JPEG

Introduction

The JPEG still image compression standard was specified by a committee called the "Joint Photographic Experts Group". (I would have thought that they would have the name "Joint Photographic Experts Committee" but maybe they thought JPEC didn't sound as good as JPEG.)
This group was set up way back in the eighties to develop a standard for encoding continuous grey scale and colour images. The JPEG ISO standard was more-or-less settled in 1991 with the aims of having 'state of the art' compression rates (circa 1991), to be useful for practically any kind of continuous tone image and be implemented on many CPU and hardware configurations. To achieve this, the JPEG standard allows a number of modes of operation:
Sequential encoding, where the image is built up spatially, top to bottom, left to right.
Progressive encoding, where a low quality image is progressively refined with higher detail.
Lossless encoding, for which a decompressed image is identical to the source.
Hierarchical encoding, having the image encoding at multiple resolutions.

Lossless Encoding

To dispense with the simpler scheme of encoding first, I'll cover lossless encoding now. This coding scheme is rarely used in practice. In fact I wouldn't at all be surprised if many JPEG decoders can't actually handle this method and I have yet to find a program which claims to encode using the lossless method.

Lossless encoding makes use of a relatively simple prediction and differencing method. This can give around 2:1 compression on source images between 2 and 16 bits per pixel. ie. 2 - 32768 levels of grey. If the image has multiple colour components (like RGB), then each component is encoded separately.

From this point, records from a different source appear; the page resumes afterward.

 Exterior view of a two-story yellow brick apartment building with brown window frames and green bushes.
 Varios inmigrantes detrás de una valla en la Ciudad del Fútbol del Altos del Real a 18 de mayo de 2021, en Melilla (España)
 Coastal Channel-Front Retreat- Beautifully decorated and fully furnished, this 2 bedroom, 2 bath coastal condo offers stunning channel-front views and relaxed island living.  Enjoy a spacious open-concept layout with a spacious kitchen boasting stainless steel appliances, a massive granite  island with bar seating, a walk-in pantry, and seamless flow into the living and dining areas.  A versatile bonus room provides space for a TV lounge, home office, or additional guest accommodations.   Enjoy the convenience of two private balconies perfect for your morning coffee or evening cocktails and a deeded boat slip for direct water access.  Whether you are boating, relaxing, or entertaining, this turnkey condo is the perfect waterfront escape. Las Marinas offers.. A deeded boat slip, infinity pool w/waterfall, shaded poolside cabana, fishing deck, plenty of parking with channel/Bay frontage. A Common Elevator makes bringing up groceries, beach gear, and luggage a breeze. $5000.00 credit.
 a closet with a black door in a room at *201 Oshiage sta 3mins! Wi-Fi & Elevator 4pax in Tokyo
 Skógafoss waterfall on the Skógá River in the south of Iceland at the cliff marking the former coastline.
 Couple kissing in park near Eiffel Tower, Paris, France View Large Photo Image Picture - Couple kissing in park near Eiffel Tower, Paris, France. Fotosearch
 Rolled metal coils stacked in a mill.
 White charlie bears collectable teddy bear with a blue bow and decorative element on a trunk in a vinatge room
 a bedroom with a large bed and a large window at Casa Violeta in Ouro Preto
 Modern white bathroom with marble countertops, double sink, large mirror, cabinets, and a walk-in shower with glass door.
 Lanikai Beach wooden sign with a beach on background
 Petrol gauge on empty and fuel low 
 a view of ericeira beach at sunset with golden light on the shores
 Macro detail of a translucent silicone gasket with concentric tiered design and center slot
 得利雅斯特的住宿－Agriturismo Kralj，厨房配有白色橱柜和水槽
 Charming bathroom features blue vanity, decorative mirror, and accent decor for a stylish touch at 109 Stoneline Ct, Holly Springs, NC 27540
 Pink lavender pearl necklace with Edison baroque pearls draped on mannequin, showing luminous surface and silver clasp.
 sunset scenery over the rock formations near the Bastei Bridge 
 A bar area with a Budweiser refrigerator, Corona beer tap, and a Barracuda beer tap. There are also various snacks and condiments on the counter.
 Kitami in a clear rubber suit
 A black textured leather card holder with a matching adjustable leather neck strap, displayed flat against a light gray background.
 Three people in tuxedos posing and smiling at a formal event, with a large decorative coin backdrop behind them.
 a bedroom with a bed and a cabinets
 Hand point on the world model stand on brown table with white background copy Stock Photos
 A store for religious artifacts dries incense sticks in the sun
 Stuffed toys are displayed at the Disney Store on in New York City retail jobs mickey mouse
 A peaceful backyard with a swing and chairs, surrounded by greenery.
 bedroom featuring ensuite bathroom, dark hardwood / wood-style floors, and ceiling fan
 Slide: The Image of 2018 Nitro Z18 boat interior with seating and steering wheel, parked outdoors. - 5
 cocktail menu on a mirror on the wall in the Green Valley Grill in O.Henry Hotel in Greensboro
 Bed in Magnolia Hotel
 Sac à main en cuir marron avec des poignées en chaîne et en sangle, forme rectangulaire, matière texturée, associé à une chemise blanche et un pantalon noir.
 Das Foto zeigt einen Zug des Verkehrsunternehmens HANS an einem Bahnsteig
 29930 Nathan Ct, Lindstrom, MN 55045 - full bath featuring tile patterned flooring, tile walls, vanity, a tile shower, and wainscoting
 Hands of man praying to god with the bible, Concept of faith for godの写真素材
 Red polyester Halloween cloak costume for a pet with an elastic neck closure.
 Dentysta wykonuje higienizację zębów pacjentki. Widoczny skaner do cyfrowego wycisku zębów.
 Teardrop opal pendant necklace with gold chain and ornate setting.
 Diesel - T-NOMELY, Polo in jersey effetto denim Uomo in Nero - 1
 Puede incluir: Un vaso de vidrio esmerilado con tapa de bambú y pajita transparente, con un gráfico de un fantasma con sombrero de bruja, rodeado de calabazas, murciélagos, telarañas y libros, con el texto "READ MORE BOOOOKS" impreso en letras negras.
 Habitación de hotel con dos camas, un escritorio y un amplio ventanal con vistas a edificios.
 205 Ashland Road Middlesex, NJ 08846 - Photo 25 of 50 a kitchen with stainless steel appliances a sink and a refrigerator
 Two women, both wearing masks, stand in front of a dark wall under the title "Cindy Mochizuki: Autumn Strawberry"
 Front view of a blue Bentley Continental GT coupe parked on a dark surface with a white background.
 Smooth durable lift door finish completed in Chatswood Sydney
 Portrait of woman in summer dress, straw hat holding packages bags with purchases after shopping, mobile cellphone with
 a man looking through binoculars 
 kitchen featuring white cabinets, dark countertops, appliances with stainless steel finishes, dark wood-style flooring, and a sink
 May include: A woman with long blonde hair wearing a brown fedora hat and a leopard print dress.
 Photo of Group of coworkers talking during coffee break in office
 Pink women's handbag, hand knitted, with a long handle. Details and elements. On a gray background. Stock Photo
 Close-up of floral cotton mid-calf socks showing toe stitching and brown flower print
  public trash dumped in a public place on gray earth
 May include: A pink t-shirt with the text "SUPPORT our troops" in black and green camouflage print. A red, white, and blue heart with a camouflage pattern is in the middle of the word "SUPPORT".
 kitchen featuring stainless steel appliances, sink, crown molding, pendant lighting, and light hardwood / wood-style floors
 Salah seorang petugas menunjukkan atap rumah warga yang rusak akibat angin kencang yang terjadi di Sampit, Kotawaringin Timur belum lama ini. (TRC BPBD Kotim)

The encoding goes like this: source images are scanned sequentially left to right, top to bottom. The value of the current pixel is predicted from the values of the previous pixels. The difference between the predicted value and the actual value is what is encoded using Huffman or arithmetic methods.


There are 8 prediction schemes available to the encoder, although scheme 0 is reserved for the hierarchical progressive mode. Also, scheme 1 is always used for the very first scan line, and scheme 2 is used to find the first pixel on a new row. That's basically all there is to it.

Lossy Encoding

The lossy compression scheme is where all the action happens for JPEGs. This scheme makes use of the discrete cosine transform to convert images and compresses the resulting DCT coefficients (recall the module on Spatial and Spectral encoding). The lossy compression scheme can vary the level of compression ratio used, giving control over the final image quality (and file size, roughly). The amount of compression JPEG can supply depends almost entirely on the source image. Best results come from using images with few high frequency details.

The DCT is applied to 8x8 pixel blocks, this size being selected as a trade-off between computational complexity, compression speed and quality. Two methods are used in compression; the coefficients are quantised, and are then Huffman or arithmetically compressed. The quantising of the coefficients is where the lossy part of the sequence, where high frequency information is discarded.


Lossy Compression Steps:

1. Convert non-greyscale images into YCbCr components.
2. Downsample CbCr components.
3. Group pixels into 8x8 blocks for processing.
3. DCT each pixel block.
4. Unwrap the coefficients.
5. Scale each coefficient by a 'quantisation' factors.
6. Eliminate near-zero coefficients.
7. Huffman encode data.
8. Add header info and quantisation factors.